[Collected data]

· · · ·

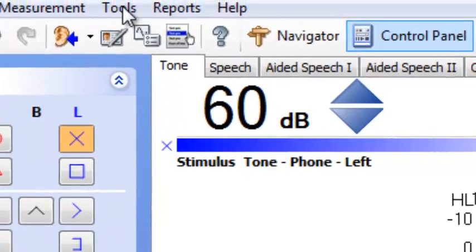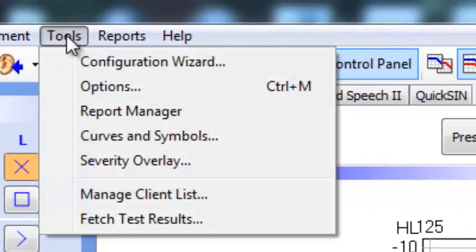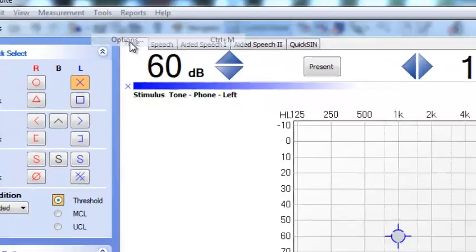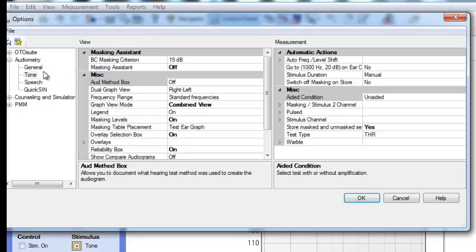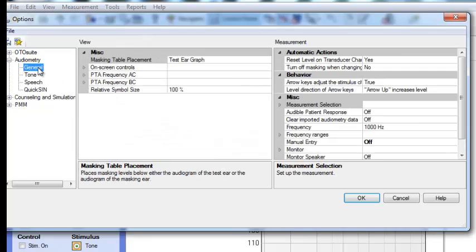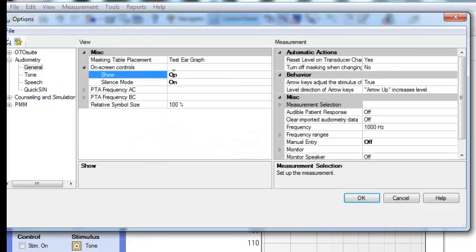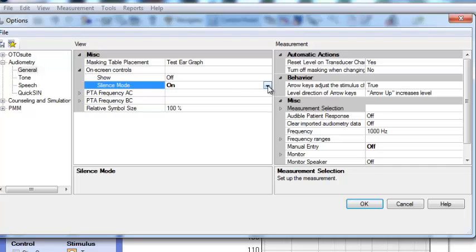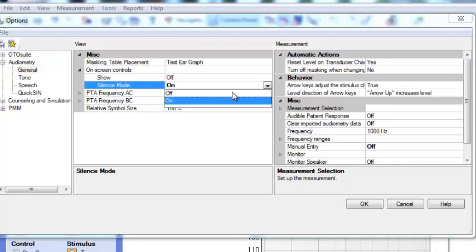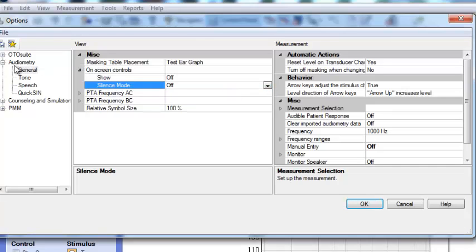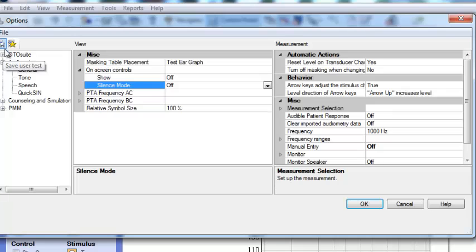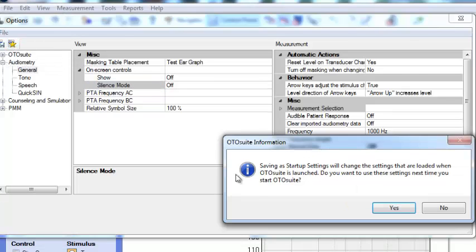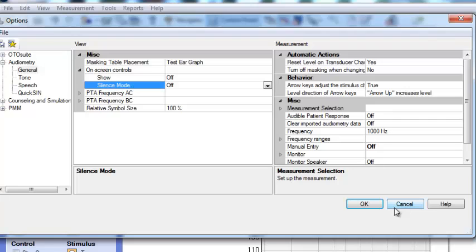You might not want that on screen so you go to Tools, Options, and it's under General. I need to switch off those on screen controls. And then just go to save as user test or save as startup settings. And that will remember those settings for the next time it starts up.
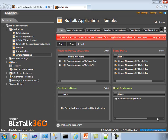To understand BizTalk throttling in detail, let's take a sample scenario and try to simulate a floodgate within the application. We have an application deployed called Simple Messaging, which has a set of receive ports and send ports with matching filters for content-based routing. All the artifacts are running within a single host — the default BizTalk Server application host — and we'll try to simulate a load condition within this application.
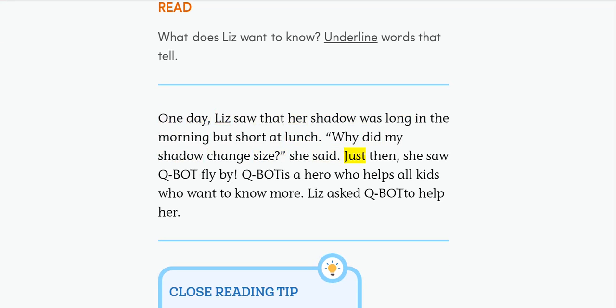Just then, she saw Q-bot fly by. Q-bot is a hero who helps all kids who want to know more. Liz asked Q-bot to help her.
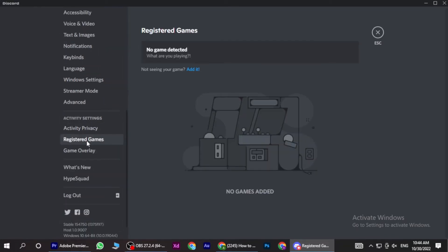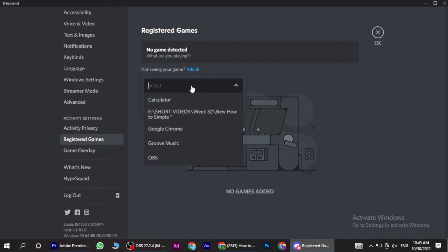Here is the option of Registered Games. You have to click on it. Now once you're in, here is the option of registering your game and adding it. Once you click on Add, here you can add the game.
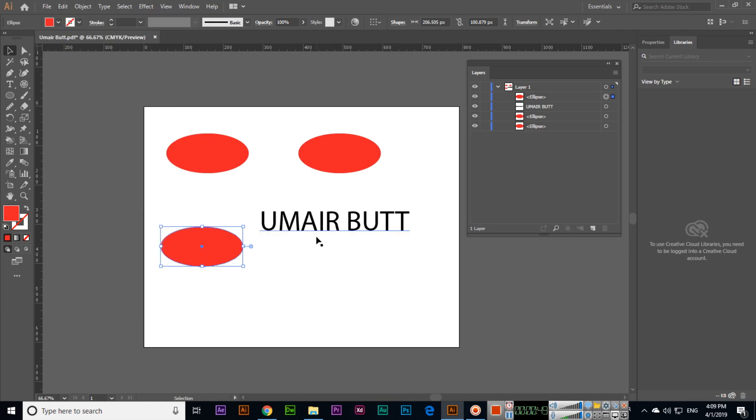Cut, copy and paste in Adobe Illustrator CC 2019. Thank you very much for watching this video. I hope you liked the video.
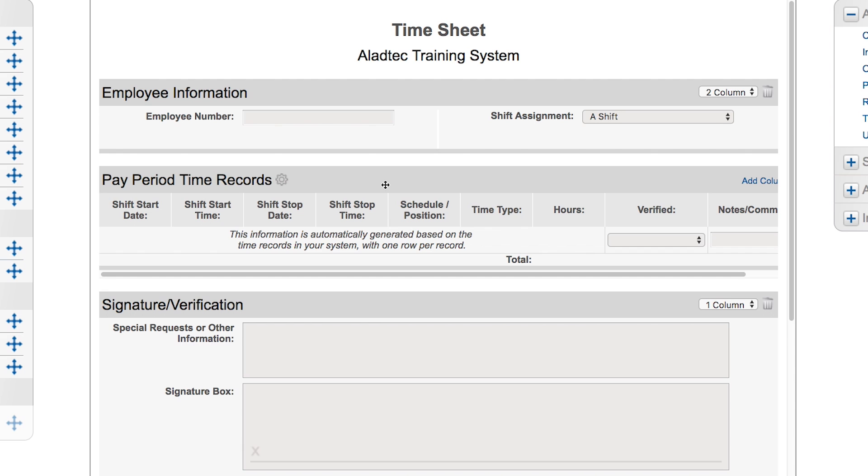You'll see the default information is automatically generated based on the information in your system, one row per record. The cog wheel right here allows you to make some setting adjustments for what's being displayed in that section when it's being created.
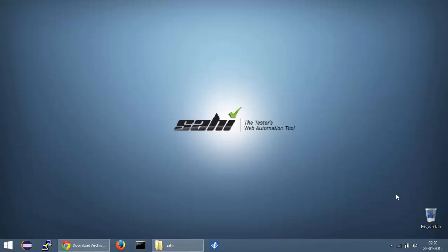Hello and welcome to the second screencast of web automation testing using SahiPro. In this video we are going to download and install SahiPro on our machine.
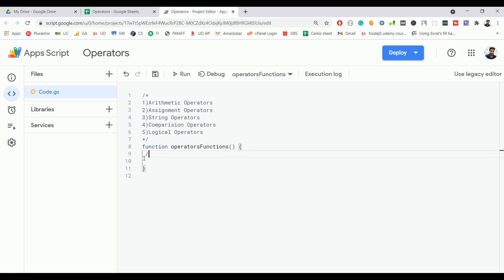In today's video we are going to discuss arithmetic operators. In arithmetic operators you will use normal mathematical functions like plus, minus, for multiplication you can use star, for exponentiation you can use double star, for division you can use slash, for modulus you can use percentage symbol, for increment you can use plus plus, and for decrement you can use minus minus.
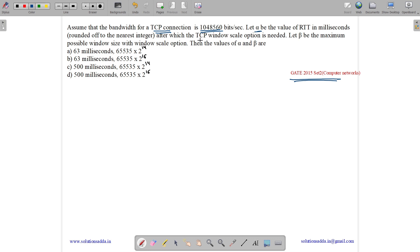So alpha is the time after which the TCP window scale option is needed. Let beta be the maximum possible window size with the window scale option. Then the values of alpha and beta are - so we need to find the time as well as the maximum possible window size.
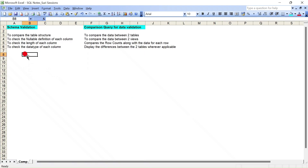Hi everyone, welcome to my channel Suri Sessions. Today let's discuss a couple of important things which we always come across when doing data level validation. We'll be covering how to compare schema validation for each table and also how to compare the data between two tables. I'll go along with practical queries to make this possible.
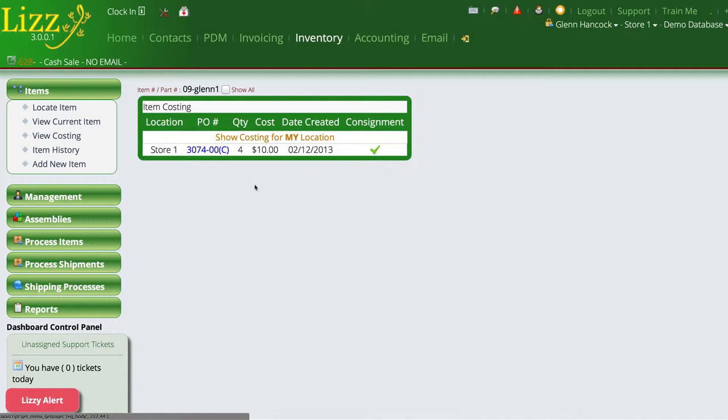So what physically happened here on the costing table is Lizzie took one of those items out, went from five to four and then put the item into inventory and then turned around and sold it.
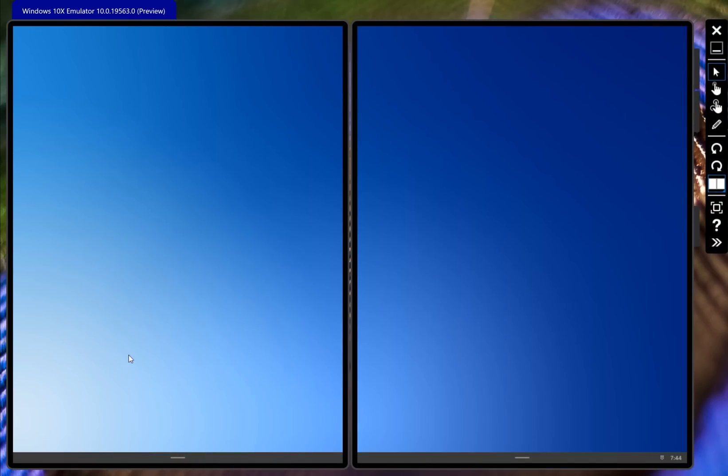Hey guys, I'm Rich from Neowin and today we're taking a look at the new Windows 10X emulator that Microsoft released today after its developer day. This is build 19563 of Windows 10X, which is the new operating system for foldable and dual screen devices.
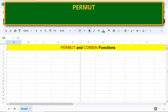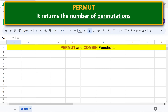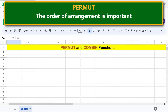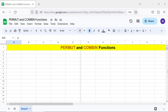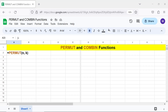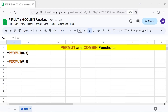Permutation: it returns the number of permutations. The order of arrangement is important, and it does not allow repetitions. Here is the permutation function formula. Let's look at an example — n is the total number of objects, and k is the number of objects selected.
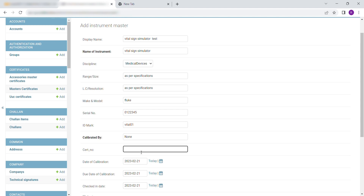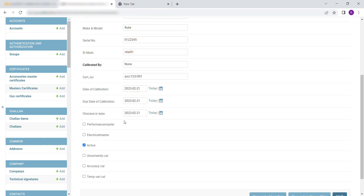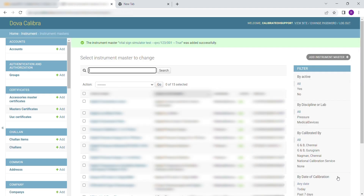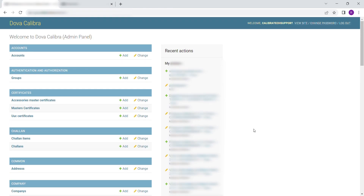Enter the name of the party who calibrated the Instrument. Enter the Date Details. Click on Save to save and exit, or Save and Add Another to continue entering instruments.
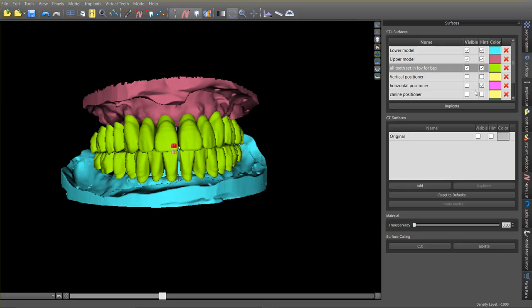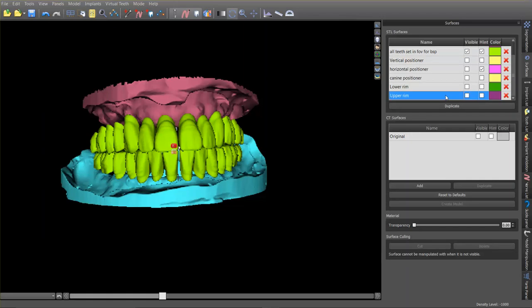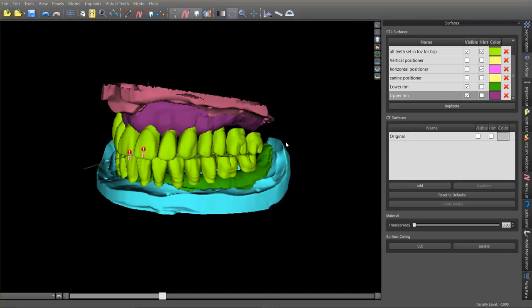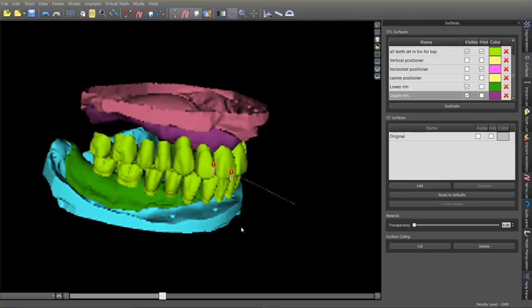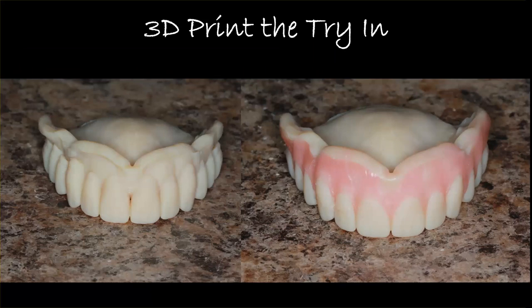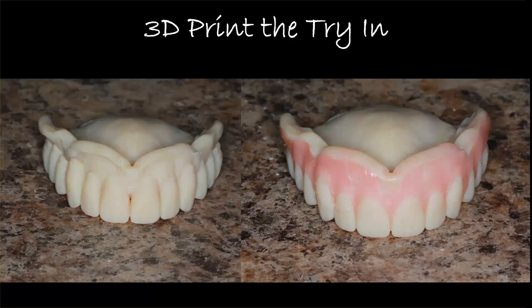We've got the right size teeth positioned correctly in space, and now we need to make the bases for them. This is already functional in Blue Sky Plan — you simply make a so-called surgical guide on each of these models, press Create Guide, and there are your bases. You export these and 3D print the try-in. The base is anatomic — the inside fits exactly to the cast. It's not like a traditional wax try-in where they had to block out undercuts; this engages everything so you know exactly how well the denture is going to fit at the initial try-in.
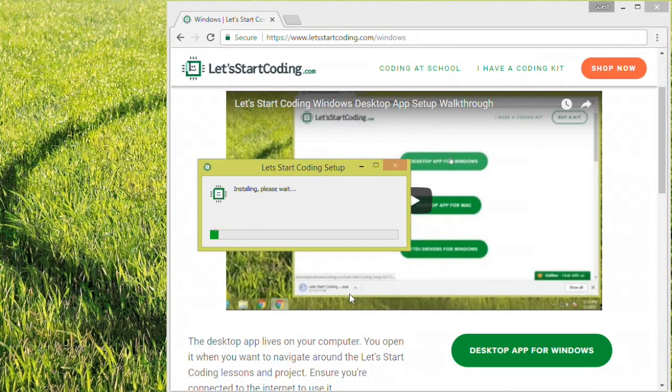My screen is black because I have to enter the administrator password for my computer to allow the installer to continue. You may have to do the same. After you've entered the administrator password, the installer will complete.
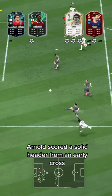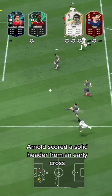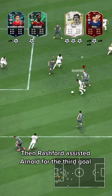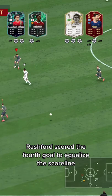Arnold scored a solid header from an early cross. Then Rashford assisted Arnold for their third goal, before Rashford scored the fourth goal to equalize the scoreline.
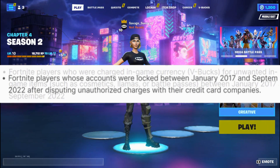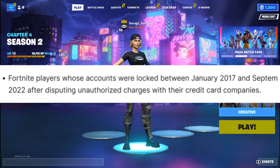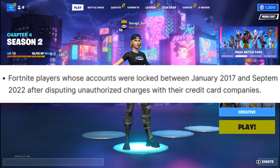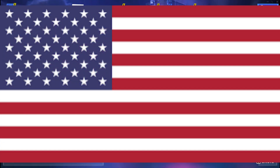Number three: Fortnite players whose accounts were locked between January 2017 and September 2022 after disputing unauthorized charges with their credit card companies. If you fall under any of these groups, and most importantly are a resident of the United States, you're eligible to get a refund. If you live outside of the US, you won't get a refund.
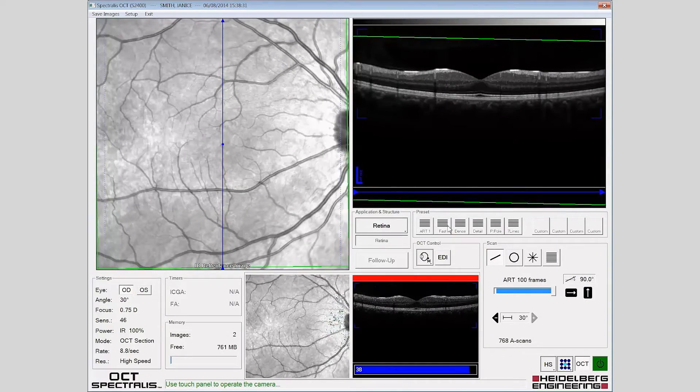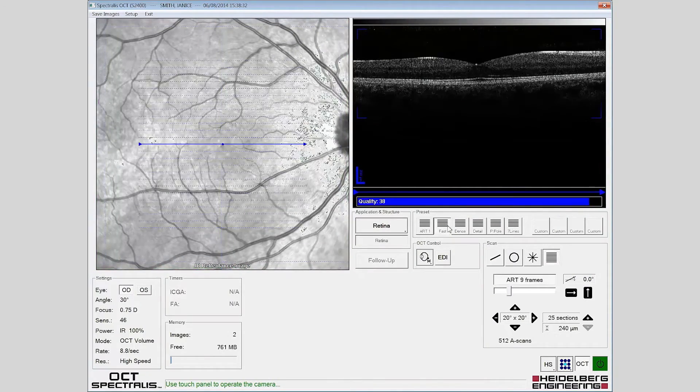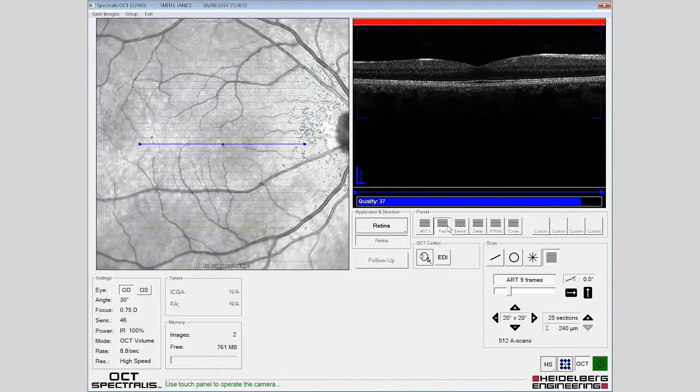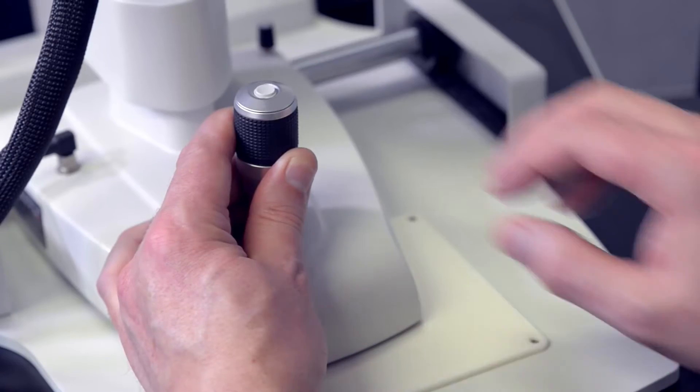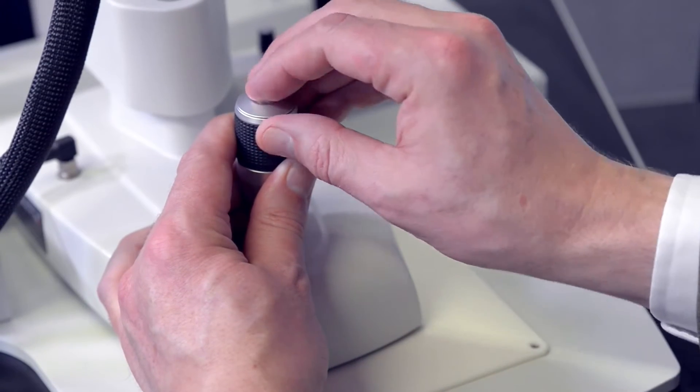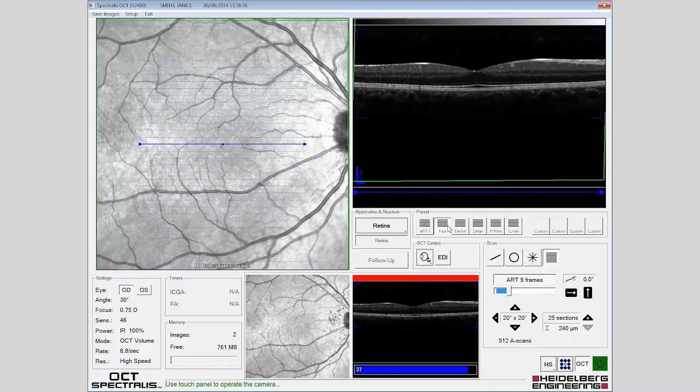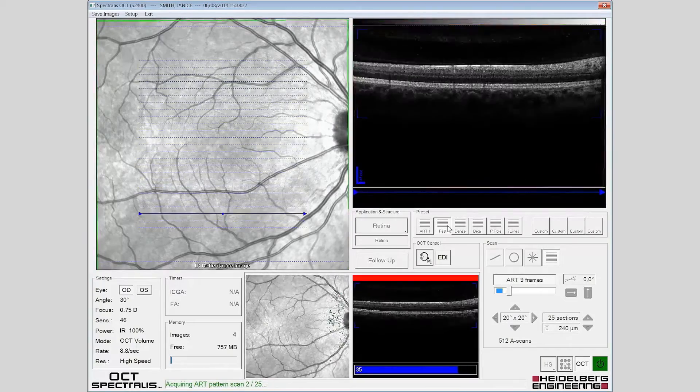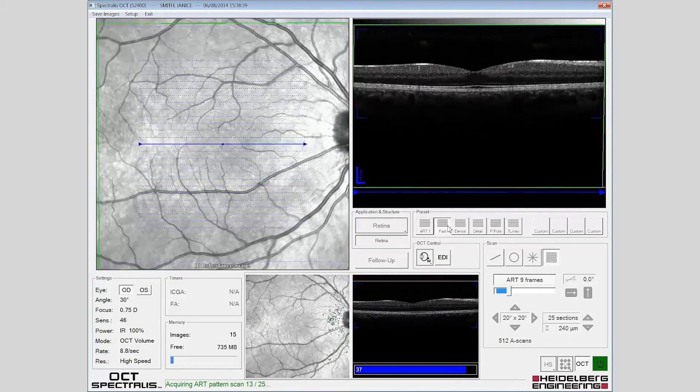Select a volume scan from the retina preset menu. Eye tracking and automatic real-time are engaged upon pressing the acquire button.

· · · ·

__WHAT YOU NEED TO DO__: Beginning with the line above that has "You'll see the" and going on through the line that has "Hey guys, I'm", retype every line exactly and add nothing else; drop the pictures.

__TASK OUTPUT__:
You'll see the default information is automatically generated based on the information in your system, one row per record. The cog wheel right here allows you to make some setting adjustments for what's being displayed in that section when it's being created.
Hello and welcome to the second screencast of web automation testing using SahiPro. In this video we are going to download and install SahiPro on our machine.
In today's video we are going to discuss arithmetic operators. In arithmetic operators you will use normal mathematical functions like plus, minus, for multiplication you can use star, for exponentiation you can use double star, for division you can use slash, for modulus you can use percentage symbol, for increment you can use plus plus, and for decrement you can use minus minus.
So alpha is the time after which the TCP window scale option is needed. Let beta be the maximum possible window size with the window scale option. Then the values of alpha and beta are - so we need to find the time as well as the maximum possible window size.
Hi everyone, welcome to my channel Suri Sessions. Today let's discuss a couple of important things which we always come across when doing data level validation. We'll be covering how to compare schema validation for each table and also how to compare the data between two tables. I'll go along with practical queries to make this possible.
So what physically happened here on the costing table is Lizzie took one of those items out, went from five to four and then put the item into inventory and then turned around and sold it.
Hey guys, I'm Rich from Neowin and today we're taking a look at the new Windows 10X emulator that Microsoft released today after its developer day. This is build 19563 of Windows 10X, which is the new operating system for foldable and dual screen devices.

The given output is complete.